2015-12-09 23:16:33 -05:00 · 2015-12-09 23:16:33 -05:00 · 2dcc1f13a6
commit 2dcc1f13a6
parent 35437c9f55
6 changed files with 63 additions and 42 deletions
--- a/endpoints/v2/blob.py
+++ b/endpoints/v2/blob.py
@ -124,8 +124,10 @@ def start_blob_upload(namespace, repo_name):
    return accepted
  else:
    # The user plans to send us the entire body right now
-    uploaded = _upload_chunk(namespace, repo_name, new_upload_uuid)
+    uploaded, error = _upload_chunk(namespace, repo_name, new_upload_uuid)
    uploaded.save()
+    if error:
+      _range_not_satisfiable(uploaded.byte_count)

    return _finish_upload(namespace, repo_name, uploaded, digest)

@ -210,16 +212,16 @@ def _upload_chunk(namespace, repo_name, upload_uuid):
    input_fp = wrap_with_handler(input_fp, found.sha_state.update)

    try:
-      length_written, new_metadata = storage.stream_upload_chunk(location_set, upload_uuid,
-                                                                 start_offset, length, input_fp,
-                                                                 found.storage_metadata,
-                                                                 content_type=BLOB_CONTENT_TYPE)
+      length_written, new_metadata, error = storage.stream_upload_chunk(location_set, upload_uuid,
+                                                                        start_offset, length, input_fp,
+                                                                        found.storage_metadata,
+                                                                        content_type=BLOB_CONTENT_TYPE)
    except InvalidChunkException:
      _range_not_satisfiable(found.byte_count)

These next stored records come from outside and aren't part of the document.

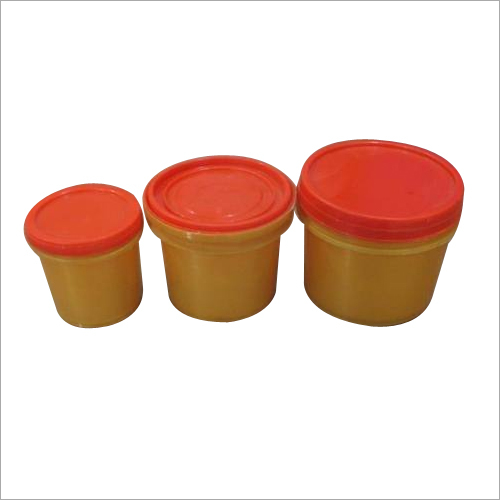 Small grease container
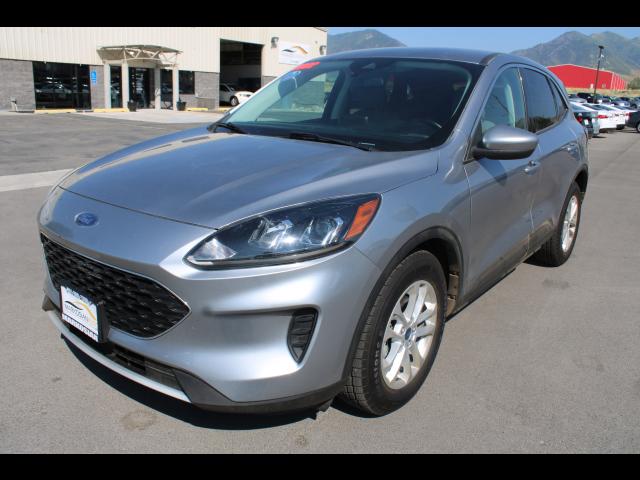 2021 Ford Escape SE Hybrid Sport Utility 4D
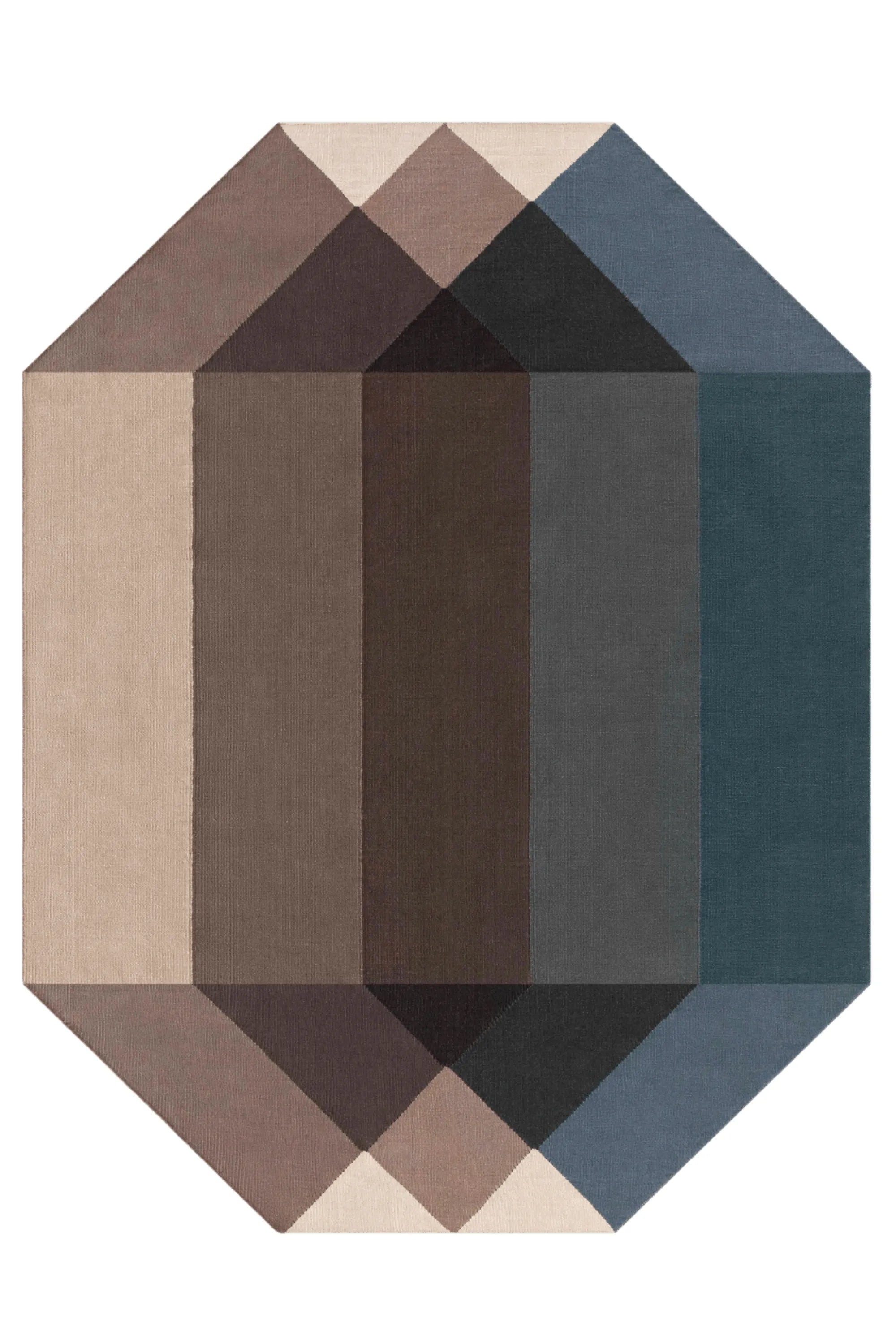 Diamond Outdoor Rug
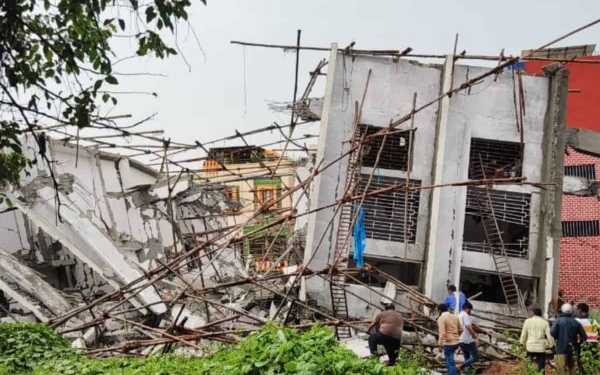 Kin of Bengaluru building collapse victims set to receive ₹7 lakh compensation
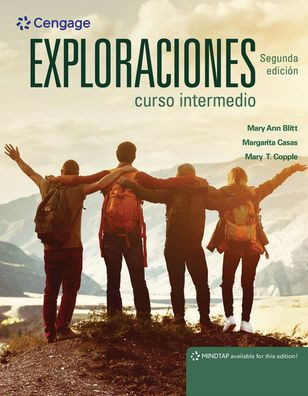 Exploraciones curso intermedio / Edition 2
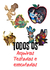 Pacote 14 Projetos Em Camadas Cnc Laser Disney Personagens - comprar online
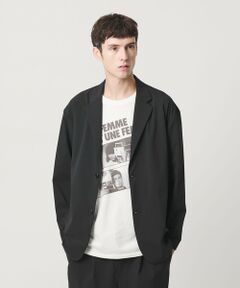 BEAUTY&YOUTH UNITED ARROWS / ビューティー&ユース ユナイテッドアローズ テーラードジャケット | 360°MASTER リラックス 2B ジャケット セットアップ対応 撥水 ストレッチ ウォッシャブル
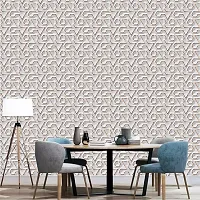 Self Adhesive Wallpapers (MobileTexure) Wall Stickers Extra Large (300x40cm) for Bedroom | Livingroom | Kitchen | Hall Etc-thumb3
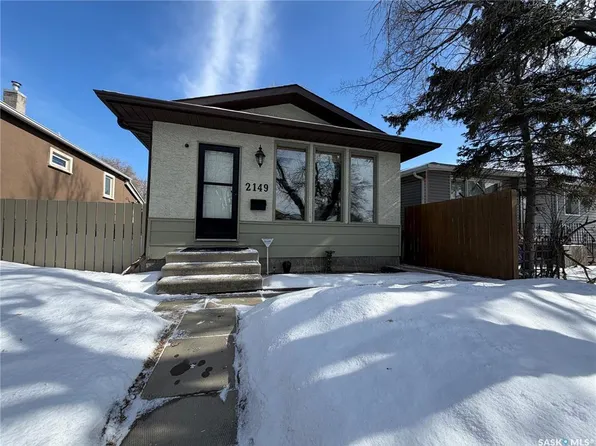 2149 Pasqua STREET, Regina, SK S4T 4M3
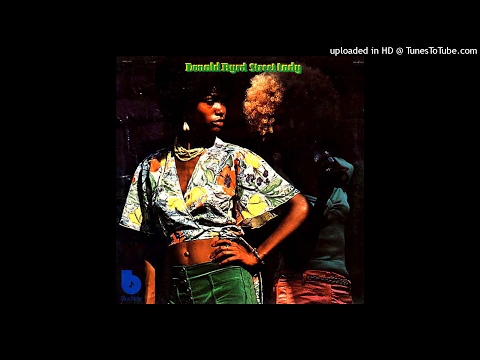 Donald Byrd - Woman Of The World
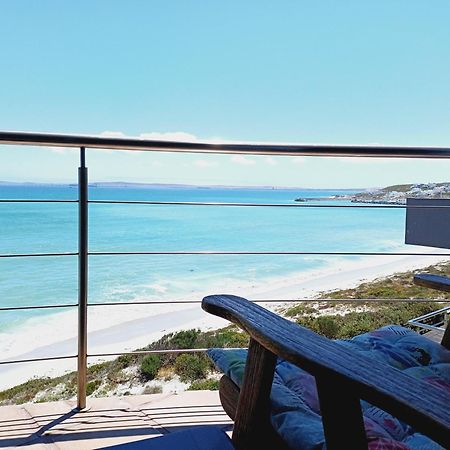 Langebaan Beach Towers Exteriör bild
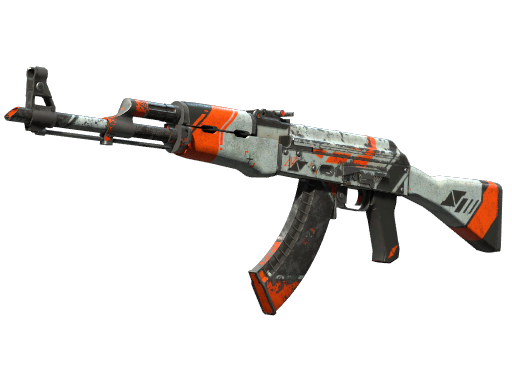 AK-47 | Asiimov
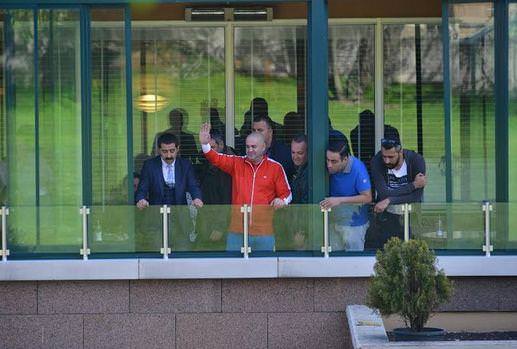 Şafak Sezer şeker komasına girdi - 1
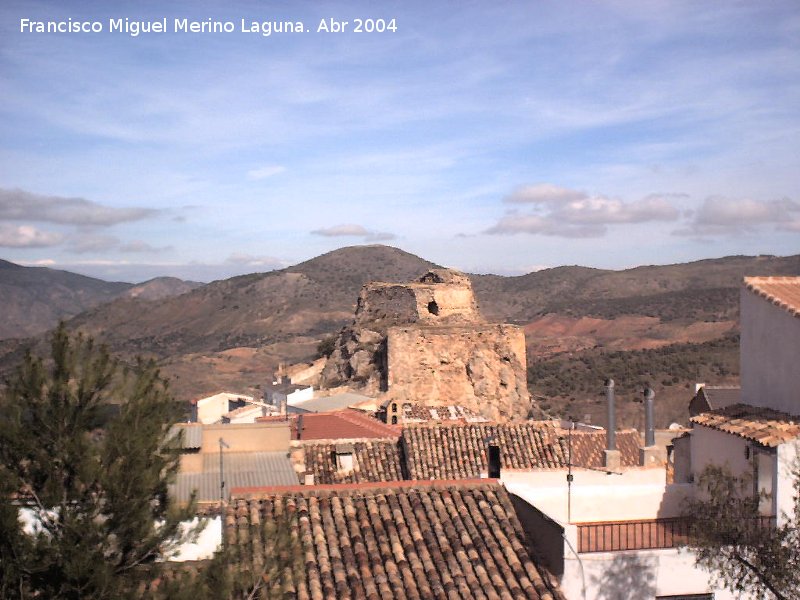 Castillo de Solera - Castillo de Solera. 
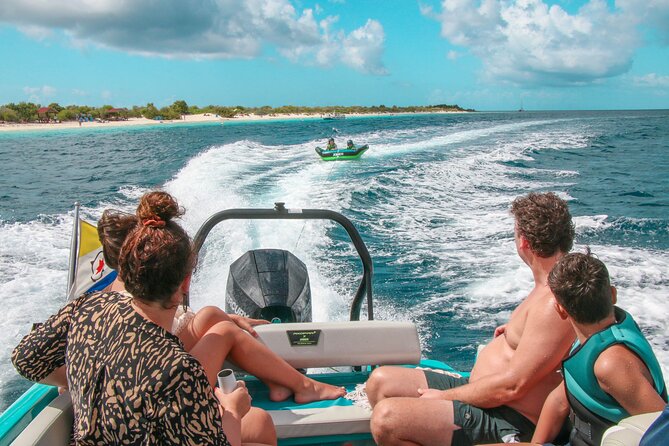 Private Half Day REVOLVE Boat Tour in Bonaire - Group Size and Exclusivity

  found.storage_metadata = new_metadata
  found.byte_count += length_written
-  return found
+  return found, error


 def _finish_upload(namespace, repo_name, upload_obj, expected_digest):
@ -263,9 +265,12 @@ def _finish_upload(namespace, repo_name, upload_obj, expected_digest):
@require_repo_write
@anon_protect
 def upload_chunk(namespace, repo_name, upload_uuid):
-  upload = _upload_chunk(namespace, repo_name, upload_uuid)
+  upload, error = _upload_chunk(namespace, repo_name, upload_uuid)
  upload.save()

+  if error:
+    _range_not_satisfiable(upload.byte_count)
+
  accepted = make_response('', 204)
  accepted.headers['Location'] = _current_request_path()
  accepted.headers['Range'] = _render_range(upload.byte_count, with_bytes_prefix=False)
@ -282,7 +287,12 @@ def monolithic_upload_or_last_chunk(namespace, repo_name, upload_uuid):
  if digest is None:
    raise BlobUploadInvalid()

-  found = _upload_chunk(namespace, repo_name, upload_uuid)
+  found, error = _upload_chunk(namespace, repo_name, upload_uuid)
+
+  if error:
+    found.save()
+    _range_not_satisfiable(found.byte_count)
+
  return _finish_upload(namespace, repo_name, found, digest)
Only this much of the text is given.